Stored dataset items
────────────────

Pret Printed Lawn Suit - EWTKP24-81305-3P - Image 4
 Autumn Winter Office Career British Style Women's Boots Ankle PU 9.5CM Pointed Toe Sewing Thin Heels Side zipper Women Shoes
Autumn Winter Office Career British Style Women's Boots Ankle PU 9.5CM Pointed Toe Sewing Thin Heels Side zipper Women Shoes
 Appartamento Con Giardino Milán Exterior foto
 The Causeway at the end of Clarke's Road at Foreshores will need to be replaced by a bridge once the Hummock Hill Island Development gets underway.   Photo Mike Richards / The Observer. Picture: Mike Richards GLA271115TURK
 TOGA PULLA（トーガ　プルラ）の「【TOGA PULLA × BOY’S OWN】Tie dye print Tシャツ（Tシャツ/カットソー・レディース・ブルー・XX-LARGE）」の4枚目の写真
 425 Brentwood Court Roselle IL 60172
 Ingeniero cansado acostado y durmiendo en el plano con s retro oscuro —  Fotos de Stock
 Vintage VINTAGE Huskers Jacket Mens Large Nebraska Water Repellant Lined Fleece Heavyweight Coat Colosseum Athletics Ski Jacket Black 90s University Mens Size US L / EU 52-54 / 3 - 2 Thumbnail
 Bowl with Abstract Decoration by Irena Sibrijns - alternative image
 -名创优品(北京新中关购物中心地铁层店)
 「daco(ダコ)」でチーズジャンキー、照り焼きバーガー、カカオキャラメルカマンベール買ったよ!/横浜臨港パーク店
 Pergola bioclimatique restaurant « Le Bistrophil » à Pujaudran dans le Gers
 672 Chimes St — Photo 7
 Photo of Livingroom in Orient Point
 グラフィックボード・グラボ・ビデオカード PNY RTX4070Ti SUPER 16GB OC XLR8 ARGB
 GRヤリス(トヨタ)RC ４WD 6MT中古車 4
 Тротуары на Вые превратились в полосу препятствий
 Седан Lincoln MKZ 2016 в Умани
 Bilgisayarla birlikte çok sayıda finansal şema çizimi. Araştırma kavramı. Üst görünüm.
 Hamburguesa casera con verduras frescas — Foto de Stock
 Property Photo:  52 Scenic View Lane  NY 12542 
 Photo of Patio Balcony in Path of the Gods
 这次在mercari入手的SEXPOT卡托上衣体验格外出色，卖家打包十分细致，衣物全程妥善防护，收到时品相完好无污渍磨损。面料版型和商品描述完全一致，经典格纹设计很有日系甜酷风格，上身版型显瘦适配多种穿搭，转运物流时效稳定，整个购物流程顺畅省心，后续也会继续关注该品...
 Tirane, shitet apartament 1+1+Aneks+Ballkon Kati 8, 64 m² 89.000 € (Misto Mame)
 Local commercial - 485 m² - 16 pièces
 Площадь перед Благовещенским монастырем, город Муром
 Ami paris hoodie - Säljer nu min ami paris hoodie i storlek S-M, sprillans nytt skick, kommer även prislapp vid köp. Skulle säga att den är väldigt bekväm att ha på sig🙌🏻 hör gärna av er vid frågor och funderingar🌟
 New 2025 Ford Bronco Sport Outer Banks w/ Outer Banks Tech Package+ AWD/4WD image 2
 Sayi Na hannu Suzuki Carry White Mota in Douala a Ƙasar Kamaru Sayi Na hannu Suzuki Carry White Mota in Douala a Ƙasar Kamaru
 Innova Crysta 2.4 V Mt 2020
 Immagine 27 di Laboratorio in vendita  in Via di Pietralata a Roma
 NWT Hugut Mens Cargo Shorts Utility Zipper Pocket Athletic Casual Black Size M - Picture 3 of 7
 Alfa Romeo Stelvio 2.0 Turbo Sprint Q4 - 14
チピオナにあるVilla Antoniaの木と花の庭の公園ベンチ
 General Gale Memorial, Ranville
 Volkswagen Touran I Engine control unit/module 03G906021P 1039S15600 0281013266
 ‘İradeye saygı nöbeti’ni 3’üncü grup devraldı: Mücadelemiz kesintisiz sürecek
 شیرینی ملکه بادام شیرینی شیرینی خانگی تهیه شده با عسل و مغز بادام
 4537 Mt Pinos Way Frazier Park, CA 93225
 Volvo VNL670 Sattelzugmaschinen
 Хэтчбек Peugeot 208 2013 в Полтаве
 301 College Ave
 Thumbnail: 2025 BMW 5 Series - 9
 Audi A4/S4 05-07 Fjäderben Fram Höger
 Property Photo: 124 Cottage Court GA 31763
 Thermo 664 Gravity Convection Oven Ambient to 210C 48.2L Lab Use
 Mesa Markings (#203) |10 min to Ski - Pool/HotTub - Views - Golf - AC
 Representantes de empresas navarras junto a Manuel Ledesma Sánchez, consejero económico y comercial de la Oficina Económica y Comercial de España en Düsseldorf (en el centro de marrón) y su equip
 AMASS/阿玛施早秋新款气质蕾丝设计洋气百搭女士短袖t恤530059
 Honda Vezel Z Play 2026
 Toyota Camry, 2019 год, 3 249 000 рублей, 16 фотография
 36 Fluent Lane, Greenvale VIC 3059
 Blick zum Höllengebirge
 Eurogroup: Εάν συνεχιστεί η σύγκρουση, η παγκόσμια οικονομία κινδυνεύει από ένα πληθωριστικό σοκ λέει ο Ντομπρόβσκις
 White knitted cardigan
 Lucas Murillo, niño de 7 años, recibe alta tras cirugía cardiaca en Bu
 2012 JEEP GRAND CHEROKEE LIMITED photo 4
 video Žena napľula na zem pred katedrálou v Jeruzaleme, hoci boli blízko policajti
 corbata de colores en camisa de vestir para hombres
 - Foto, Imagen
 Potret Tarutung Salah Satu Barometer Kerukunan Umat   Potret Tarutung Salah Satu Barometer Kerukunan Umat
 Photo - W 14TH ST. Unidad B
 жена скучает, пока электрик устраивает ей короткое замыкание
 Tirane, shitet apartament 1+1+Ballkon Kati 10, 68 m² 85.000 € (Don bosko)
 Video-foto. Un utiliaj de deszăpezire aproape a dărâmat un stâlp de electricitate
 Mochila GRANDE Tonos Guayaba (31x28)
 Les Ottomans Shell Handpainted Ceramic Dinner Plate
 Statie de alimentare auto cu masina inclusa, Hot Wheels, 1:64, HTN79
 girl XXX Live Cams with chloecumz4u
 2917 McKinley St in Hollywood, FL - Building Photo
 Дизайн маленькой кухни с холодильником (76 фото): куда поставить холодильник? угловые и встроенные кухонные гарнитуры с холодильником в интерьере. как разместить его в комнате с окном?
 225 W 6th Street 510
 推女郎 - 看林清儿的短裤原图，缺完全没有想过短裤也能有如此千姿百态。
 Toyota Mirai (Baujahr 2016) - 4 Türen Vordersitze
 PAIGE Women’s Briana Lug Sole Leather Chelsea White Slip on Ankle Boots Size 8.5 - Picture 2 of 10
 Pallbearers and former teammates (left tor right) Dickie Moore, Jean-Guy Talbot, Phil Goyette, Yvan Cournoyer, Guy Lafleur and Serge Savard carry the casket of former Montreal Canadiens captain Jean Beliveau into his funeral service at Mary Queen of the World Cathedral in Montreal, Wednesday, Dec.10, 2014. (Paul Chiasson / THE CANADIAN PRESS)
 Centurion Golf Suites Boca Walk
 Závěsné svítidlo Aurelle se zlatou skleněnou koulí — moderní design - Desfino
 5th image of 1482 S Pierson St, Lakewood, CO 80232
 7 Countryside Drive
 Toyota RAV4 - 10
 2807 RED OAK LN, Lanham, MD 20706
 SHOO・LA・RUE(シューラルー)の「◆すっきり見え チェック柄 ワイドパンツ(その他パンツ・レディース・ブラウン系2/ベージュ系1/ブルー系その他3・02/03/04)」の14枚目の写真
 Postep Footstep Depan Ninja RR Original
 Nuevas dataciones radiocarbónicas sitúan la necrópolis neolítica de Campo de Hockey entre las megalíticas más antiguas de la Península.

────────────────

TASK INSTRUCTIONS - Above are the records; print exactly the lines from the line with "Thumbnail: 2025 BMW 5 Series - 9" to the line with "Mesa Markings (#203)", including both, and nothing else.

SOLUTION FOR THIS EXERCISE -
 Thumbnail: 2025 BMW 5 Series - 9
 Audi A4/S4 05-07 Fjäderben Fram Höger
 Property Photo: 124 Cottage Court GA 31763
 Thermo 664 Gravity Convection Oven Ambient to 210C 48.2L Lab Use
 Mesa Markings (#203) |10 min to Ski - Pool/HotTub - Views - Golf - AC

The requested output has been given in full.